----- Given data -----
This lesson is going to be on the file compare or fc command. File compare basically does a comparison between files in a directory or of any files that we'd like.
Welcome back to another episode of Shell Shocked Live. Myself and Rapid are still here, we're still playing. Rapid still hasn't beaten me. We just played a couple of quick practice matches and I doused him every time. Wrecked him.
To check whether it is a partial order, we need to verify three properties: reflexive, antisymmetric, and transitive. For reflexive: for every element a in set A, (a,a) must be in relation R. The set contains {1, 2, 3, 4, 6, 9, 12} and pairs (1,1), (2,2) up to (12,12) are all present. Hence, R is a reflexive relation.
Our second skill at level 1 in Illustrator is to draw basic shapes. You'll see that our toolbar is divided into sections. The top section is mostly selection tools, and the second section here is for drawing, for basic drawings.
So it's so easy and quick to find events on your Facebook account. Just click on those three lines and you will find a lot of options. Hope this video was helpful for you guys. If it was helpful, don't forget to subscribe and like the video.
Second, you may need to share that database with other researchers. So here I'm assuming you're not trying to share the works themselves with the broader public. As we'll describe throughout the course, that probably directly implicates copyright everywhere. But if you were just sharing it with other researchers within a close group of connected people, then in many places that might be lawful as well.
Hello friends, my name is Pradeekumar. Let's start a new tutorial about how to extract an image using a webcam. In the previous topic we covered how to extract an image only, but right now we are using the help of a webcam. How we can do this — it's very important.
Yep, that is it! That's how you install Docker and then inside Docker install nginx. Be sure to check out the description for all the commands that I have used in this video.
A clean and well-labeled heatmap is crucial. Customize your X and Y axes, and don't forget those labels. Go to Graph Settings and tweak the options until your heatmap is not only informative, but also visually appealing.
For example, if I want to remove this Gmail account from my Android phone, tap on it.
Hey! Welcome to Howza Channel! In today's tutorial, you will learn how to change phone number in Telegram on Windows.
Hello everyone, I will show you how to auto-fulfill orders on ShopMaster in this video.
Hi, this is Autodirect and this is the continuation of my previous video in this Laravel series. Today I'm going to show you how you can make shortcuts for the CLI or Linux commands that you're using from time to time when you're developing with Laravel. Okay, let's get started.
-----
▸ **Exercise description**
Please reproduce, word for word, every line from the line with "Hello everyone, I" to the final line above, including both ends.

▸ **Solution to this task**
Hello everyone, I will show you how to auto-fulfill orders on ShopMaster in this video.
Hi, this is Autodirect and this is the continuation of my previous video in this Laravel series. Today I'm going to show you how you can make shortcuts for the CLI or Linux commands that you're using from time to time when you're developing with Laravel. Okay, let's get started.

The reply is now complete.